The world is changed after September 11 and the international war against terrorism. India is furious that the world has ignored Pakistan-based Islamic extremists, who continued with their bloody terrorism in India and Kashmir even after September 11. India says it cannot join the world in fighting al-Qa'eda when the world ignores these attacks on its own soil. At the same time India believes that it can ignore the plight of the Kashmiri people, who have suffered 40,000 dead over the past 12 years of conflict. So India has used the global war on terrorism to push back dialogue with the Kashmiris.
Pakistan's military regime believed that it could comfortably carry out a U-turn on its support of the Taliban and join the US alliance to topple them, while the world and India would turn away from Islamabad's support for Kashmiri and Pakistani militants, who have turned the Kashmiris' genuine political struggle for self-determination into a jihad. The army's refusal to understand how much the world had changed after September 11 and its failure to offer anything other than militancy and terrorism in Kashmir gave India just the opportunity it sought to deal finally with Pakistan.
President Pervaiz Musharraf divides militants into three camps: al-Qa'eda and the Taliban; the sectarian extremists inside the country who have butchered thousands of innocent Pakistanis; and the "freedom fighters" of Kashmir. The world has now told him forcefully that there are no such distinctions. The Pakistani militant groups that fight in Kashmir also fought for the Taliban and al-Qa'eda in Afghanistan. The 29 Arab al-Qa'eda operatives arrested in Pakistani cities last month were being given sanctuary and safe houses by the largest Pakistani group fighting in Kashmir. All these groups are now closely interlinked, no matter how the Pakistani state tries to differentiate between them.
The Pakistan military's poor tactics have now turned the world against Pakistan. India has won the international community to its side and isolated Pakistan - but that has not made it amenable to de-escalating tensions, as there is a wider agenda. The hardline Hindu fundamentalist wing of the ruling BJP party has long argued that Pakistan has to be militarily beaten, so that it never again rises to question India's hegemony in South Asia. For them, the issue is not merely terrorism, but beating Pakistan into a final submission.
To his credit, the moderate Indian Prime Minister Atal Bihari Vajpayee has twice taken major initiatives to talk to Pakistan. His inability to succeed has led to a strengthening of the Hindu fundamentalist wing. The BJP's recent electoral defeats in regional elections and the killing of some 2,000 Muslims in Gujarat state by Hindu fundamentalists have further weakened Mr Vajpayee's influence on the New Delhi power-brokers.

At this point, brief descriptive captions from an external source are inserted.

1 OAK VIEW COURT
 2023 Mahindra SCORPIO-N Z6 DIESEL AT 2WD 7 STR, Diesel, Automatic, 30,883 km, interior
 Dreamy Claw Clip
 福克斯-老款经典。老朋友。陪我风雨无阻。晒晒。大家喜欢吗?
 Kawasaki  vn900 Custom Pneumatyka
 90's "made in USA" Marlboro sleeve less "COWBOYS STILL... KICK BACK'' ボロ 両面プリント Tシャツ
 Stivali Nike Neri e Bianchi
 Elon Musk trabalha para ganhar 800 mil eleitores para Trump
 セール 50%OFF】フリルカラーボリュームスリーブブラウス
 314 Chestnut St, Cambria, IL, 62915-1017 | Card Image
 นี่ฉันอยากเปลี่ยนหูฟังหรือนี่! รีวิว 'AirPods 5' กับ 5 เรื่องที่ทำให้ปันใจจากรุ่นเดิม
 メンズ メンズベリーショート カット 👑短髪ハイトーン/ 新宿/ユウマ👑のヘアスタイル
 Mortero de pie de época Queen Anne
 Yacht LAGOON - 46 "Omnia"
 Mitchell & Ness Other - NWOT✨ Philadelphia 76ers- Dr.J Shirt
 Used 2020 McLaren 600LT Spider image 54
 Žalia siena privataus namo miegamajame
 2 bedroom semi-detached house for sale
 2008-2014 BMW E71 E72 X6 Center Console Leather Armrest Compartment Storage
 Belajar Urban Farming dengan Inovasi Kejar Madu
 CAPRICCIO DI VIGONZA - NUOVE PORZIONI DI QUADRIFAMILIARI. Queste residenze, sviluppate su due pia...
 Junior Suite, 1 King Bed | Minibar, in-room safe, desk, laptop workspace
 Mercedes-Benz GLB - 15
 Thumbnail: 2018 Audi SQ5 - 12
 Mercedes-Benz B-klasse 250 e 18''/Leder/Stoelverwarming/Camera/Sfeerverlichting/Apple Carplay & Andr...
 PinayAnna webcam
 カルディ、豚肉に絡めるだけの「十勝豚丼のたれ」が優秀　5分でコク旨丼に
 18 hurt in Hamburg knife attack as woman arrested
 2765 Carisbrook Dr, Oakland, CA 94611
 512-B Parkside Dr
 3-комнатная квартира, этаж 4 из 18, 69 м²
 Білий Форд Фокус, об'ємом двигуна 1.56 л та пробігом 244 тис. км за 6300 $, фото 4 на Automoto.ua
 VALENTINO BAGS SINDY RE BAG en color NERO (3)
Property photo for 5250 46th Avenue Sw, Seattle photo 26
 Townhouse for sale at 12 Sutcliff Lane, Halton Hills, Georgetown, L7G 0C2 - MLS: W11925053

Gen Musharraf is also on the ropes. Last month's rigged referendum making him president for the next five years, fears of a rigged general election in October and the army's unwillingness to share real power with civilians have turned all the major political parties against him and continued army rule. For the first time in Pakistan's history, and with the experience of three wars with India, people are not rallying around the army to defend the motherland, but are demanding Gen Musharraf's resignation. Many people in both countries believe that he and the BJP would prefer the diversion of a limited war to the continued weakening of their political positions at home.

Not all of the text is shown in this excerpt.